Obsessed with share price/acquisitions, employees come 2nd
Pros
Some good, intelligent people worked at IHS but generally their skills and talents were not recognised or put to best use. Most of the best people were looking for their next opportunity and see IHS as a stepping-stone. Share plan and WFH options are nice but nothing out of the ordinary in the 21st century economy.
Cons
The company was run like a cult with lots of corporate jargon thrown around that means little in practice. Jerre Stead was an uber-Christian type and sold himself as a man of the people, but the exec's interest in what was going on at the lower levels of the company was minimal and limited to Jerre's special inspirational "quotes" that would appear on the intranet and were a source of general mirth in the office. Hopefully the Markit merger will bring a fresh, more innovative culture to IHS but it would be a big leap. The company suffered from extreme silo-isation, new acquisitions were never properly integrated and were generally done to boost the share price. There is huge potential among all the variety of expertise and products to create something new and valuable but in practice any collaboration was discouraged by people defending their own territories. Cross-selling of products across business lines was barely attempted, and to make matters worse sales people often had minimal knowledge of complex technical products they were meant to sell.
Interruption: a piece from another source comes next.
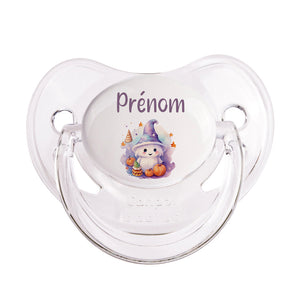 Tétine personnalisable | Halloween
Subscription renewals were being lost for entirely preventable reasons. In short, very little logical structure internally, the best they could do was tell you the company had a 'matrix' structure (code for 'it's up to you to make sense of it and reach out to colleagues around the world'); very little incentive to go above and beyond existing job description and attempt to innovate. Atmosphere was for the most part quiet and not exactly negative, but not overwhelmingly positive either. It didn't help that as soon as there was any dip in the share price or perceived under-performance, everyone knew that travel budgets would be frozen indefinitely and people would be fired (or encouraged to leave, or not replaced if they left, increasing the workload on everyone else). It was a very, very short-sighted strategy that saw cost-cutting as the only way to boost financial results/share price, whereas in fact this only aggravated existing problems and closed off avenues that could have brought in revenue in the longer term.